L. reçue 20.  >
De Charles Spon, le 15 mai 1657

De Lyon, ce 15e de mai 1657.

Monsieur, [a][1][2]

Je vous donne avis de la réception des deux vôtres, l’une du 24e d’avril et l’autre du 8e du courant, dont je vous remercie avec tous les ressentiments que la gratitude peut inspirer à une personne accablée de vos courtoisies, vous suppliant de ne vous dégoûter jamais de m’honorer de ces agréables visites que vous me rendez de loin par un mouvement de bonté que vous avez pour moi sans que je l’aie mérité. C’est par votre moyen que je sais une grande partie de ce qui se passe par le monde, de quoi je vous ai des obligations infinies, ne souhaitant rien avec plus de passion que de m’en pouvoir acquitter quelque jour. Ce matin est parti de cette ville, avec le messager de Paris, un brave jeune homme écossais nommé M. Brusius, [3] lequel vient de se faire recevoir docteur en médecine en l’Université de Valence, [4] où il a été reçu avec grand applaudissement, à ce que m’en a mandé M. Le Bon, [5] doyen de ladite Université. Je lui ai baillé un mot de lettre pour vous afin qu’il se puisse donner l’honneur de vous aller faire la révérence et jouir de quelque moment de votre entretien pendant le séjour d’une année qu’il fait état de faire à Paris. Je l’ai aussi chargé d’un petit paquet de livres qu’il m’a promis de vous rendre de ma part. Tout présentement, j’ai rencontré fortuitement par < la > ville M. Le Gagneur [6] votre collègue, lequel m’a salué et fait excuse de ne m’être venu voir, disant n’en avoir eu la commodité et qu’il partait d’ici demain matin avec son patron. [7][8] Dieu le veuille bien conduire et détourner le mauvais pronostic de sa belle-sœur, qui n’est pas peut-être sans fondement. [1] Il s’en va en un pays qui est assez souvent le cimetière des Français, mais particulièrement quand les maladies épidémiques se mettent de la partie, comme elles font aujourd’hui en ces quartiers-là.
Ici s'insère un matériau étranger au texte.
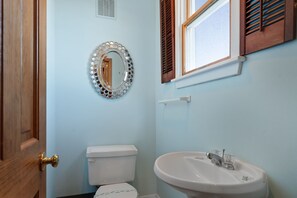 A bathroom with a toilet, sink, and a decorative mirror.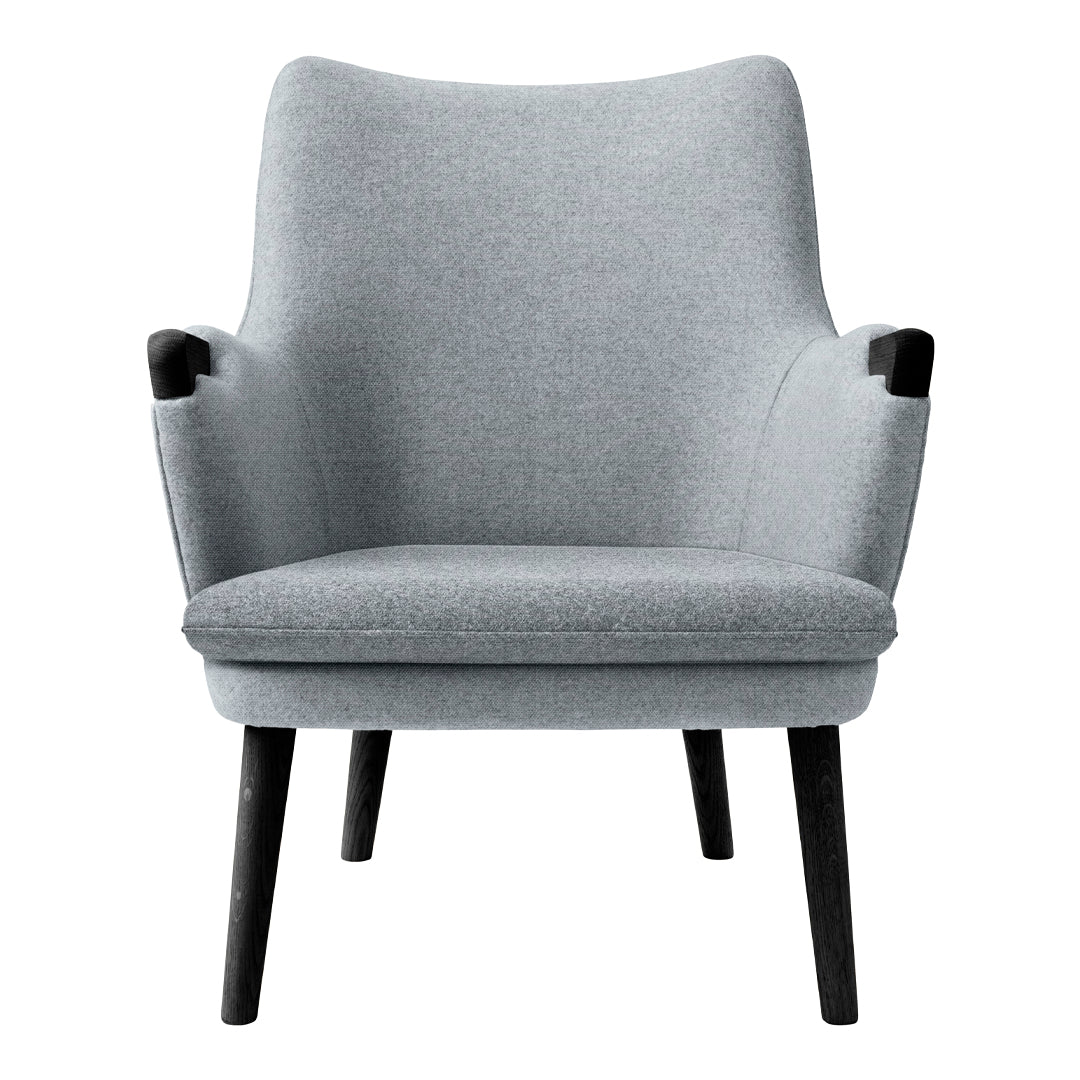 Gray upholstered armchair with sleek, minimalist design and black wooden legs. Soft texture enhances modern aesthetics.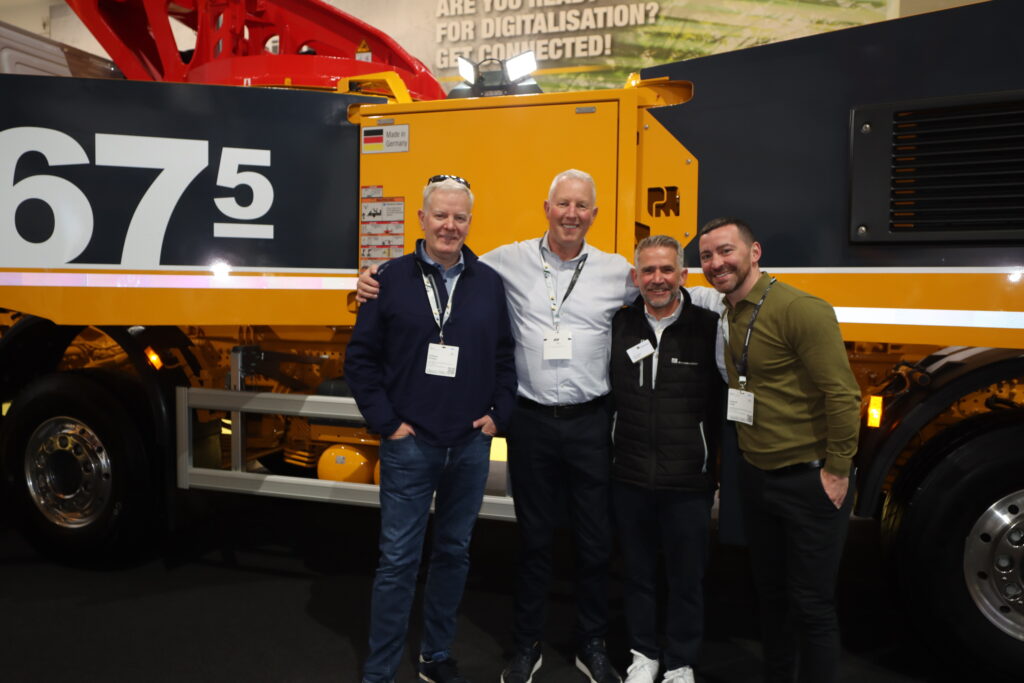 Camfaud Team stood in front of a Putzmeister mobile concrete pump at bauma 2025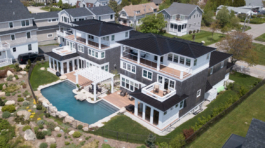 York, Maine oceanfront double mansion by Don Madore custom home design and construction. Saltwater pool.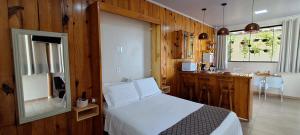 a bedroom with a white bed and a kitchen at Studio Aconchego Correntina in Correntina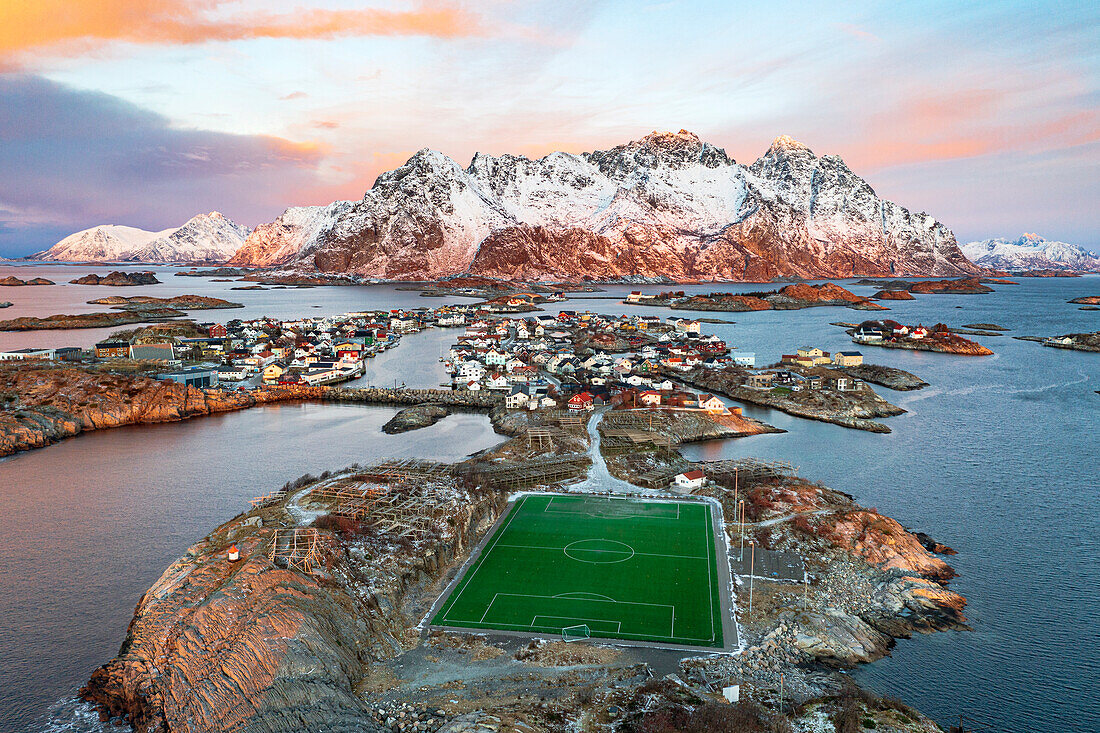 Aerial view of soccer stadium and Henningsvaer village during winter dawn, Nordland county, Lofoten Islands, Norway, Scandinavia, Europe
M. Guillemin, [9] mon collègue, est toujours à Turin [10] au service de Madame Royale, [11] de laquelle on nous assure qu’il est très bien vu, par-dessus tous les autres médecins de cour qui sont auprès d’elle. S’il peut réussir dans la cure de sa maladie, je ne doute point qu’il ne soit très bien satisfait de ses peines. L’on dit déjà que l’autre jour, elle lui fit présent d’une belle plaque d’argent du prix de 100 pistoles. Le sieur D’Aquin, [12] que M. Vallot [13] y a dépêché, y est bien aussi arrivé, mais il n’a pas encore fait parler de soi comme l’autre. Peut-être n’est-il pas si raffiné, ou bien il est venu plus tard qu’il ne fallait. La cour de Savoie [14] passe aujourd’hui pour être l’une des plus délicates en fourberie qui soit au monde. Les dupes n’y sont pas les bienvenues, cela ne serait pas mon élément, qui n’ai pour partage qu’une simplicité sans artifice.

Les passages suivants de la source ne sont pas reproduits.